** Record set follows **

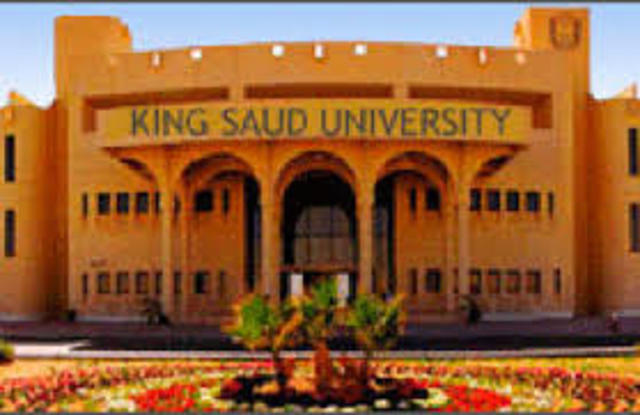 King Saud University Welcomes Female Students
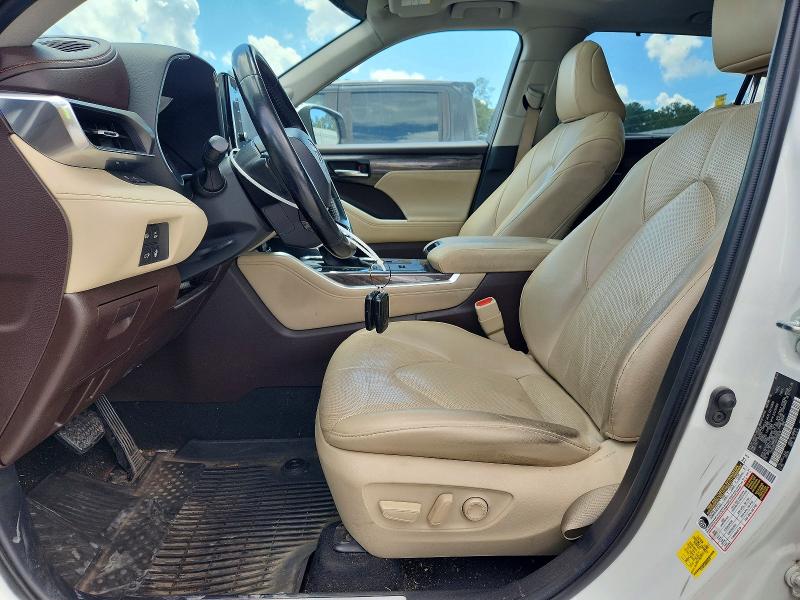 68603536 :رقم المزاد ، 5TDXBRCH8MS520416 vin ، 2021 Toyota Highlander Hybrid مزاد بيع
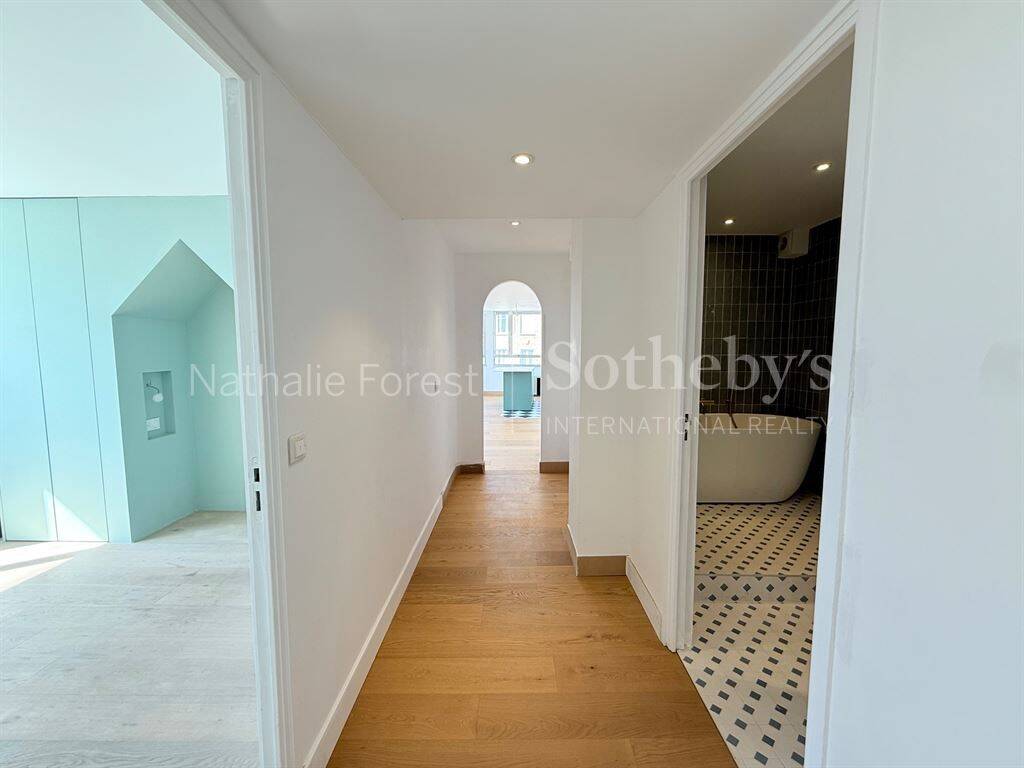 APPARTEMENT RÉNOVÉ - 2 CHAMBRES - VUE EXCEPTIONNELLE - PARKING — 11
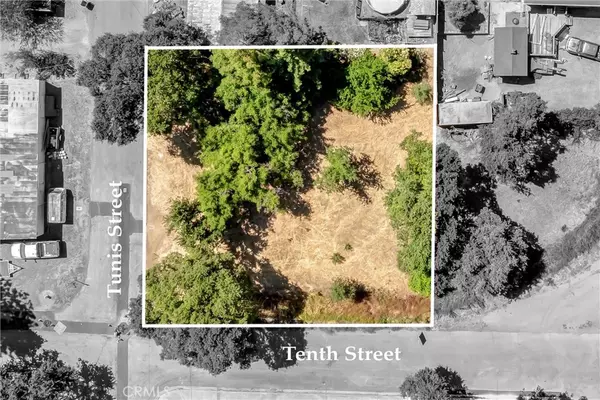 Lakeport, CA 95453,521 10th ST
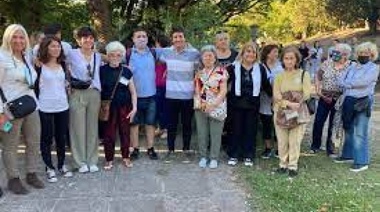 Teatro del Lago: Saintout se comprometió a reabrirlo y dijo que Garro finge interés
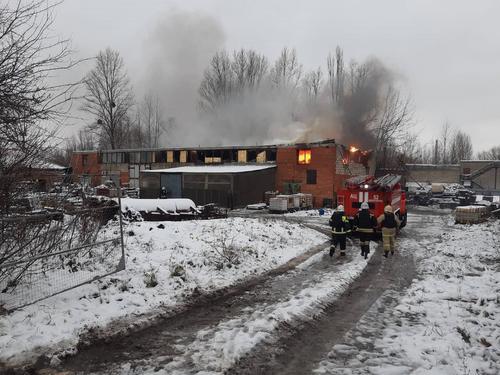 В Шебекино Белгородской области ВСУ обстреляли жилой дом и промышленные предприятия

** End of Record set **
** Record set follows **

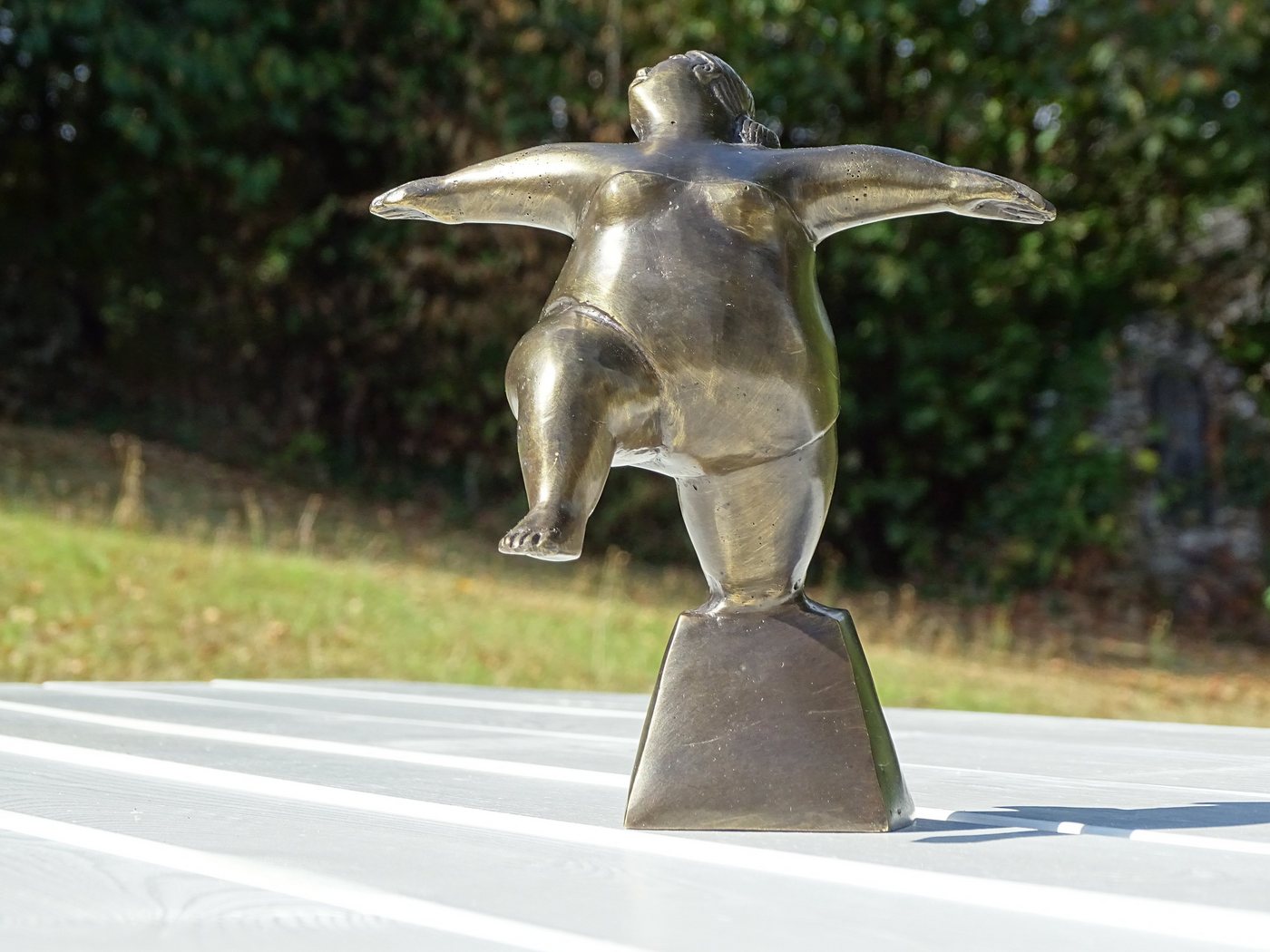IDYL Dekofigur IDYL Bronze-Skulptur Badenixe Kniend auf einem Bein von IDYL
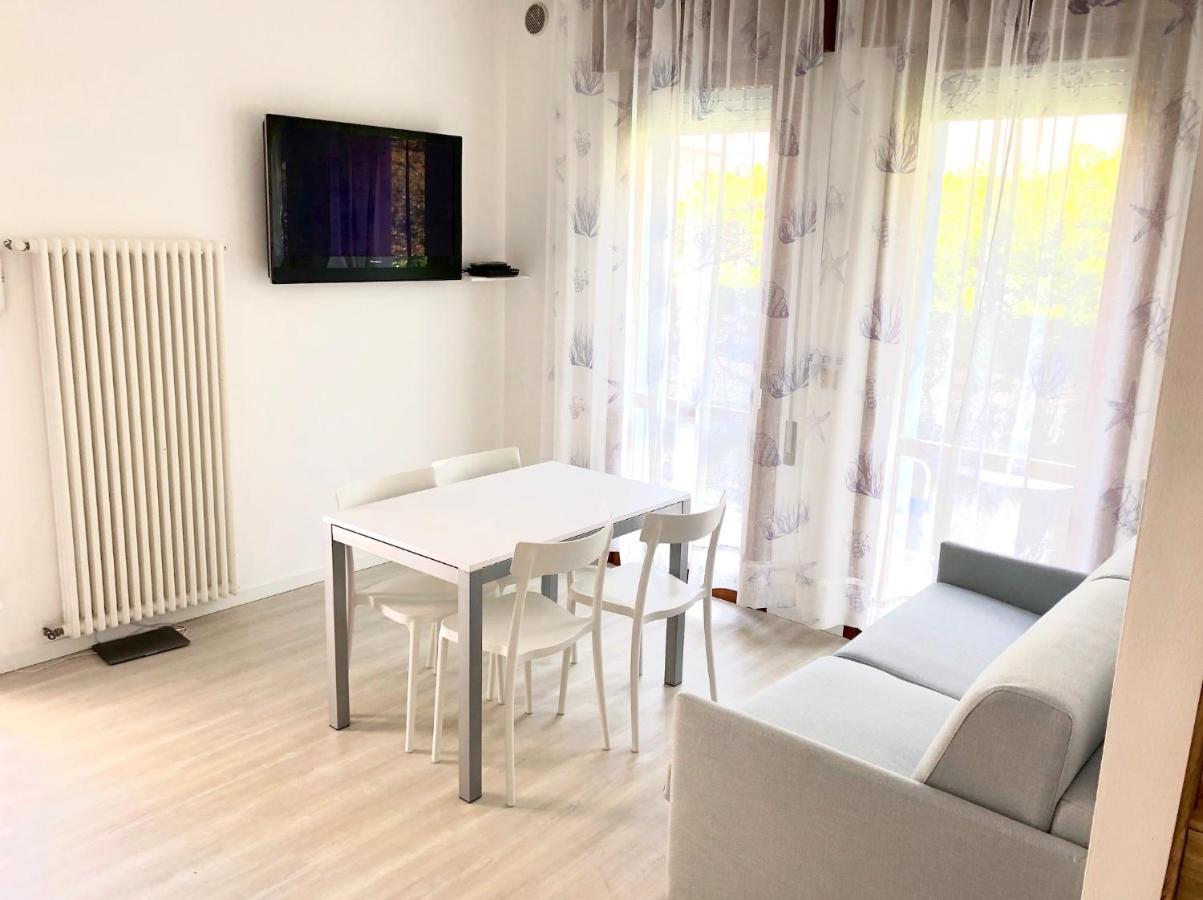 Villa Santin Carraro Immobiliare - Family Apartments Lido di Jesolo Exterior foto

** End of Record set **

→ **Task description**: Using the data above, print only the lines starting at the one with "APPARTEMENT RÉNOVÉ - 2" and ending at the one with "В Шебекино Белгородской", exactly as they stand, minus the pictures.

→ **Problem solution**:
 APPARTEMENT RÉNOVÉ - 2 CHAMBRES - VUE EXCEPTIONNELLE - PARKING — 11
 Lakeport, CA 95453,521 10th ST
 Teatro del Lago: Saintout se comprometió a reabrirlo y dijo que Garro finge interés
 В Шебекино Белгородской области ВСУ обстреляли жилой дом и промышленные предприятия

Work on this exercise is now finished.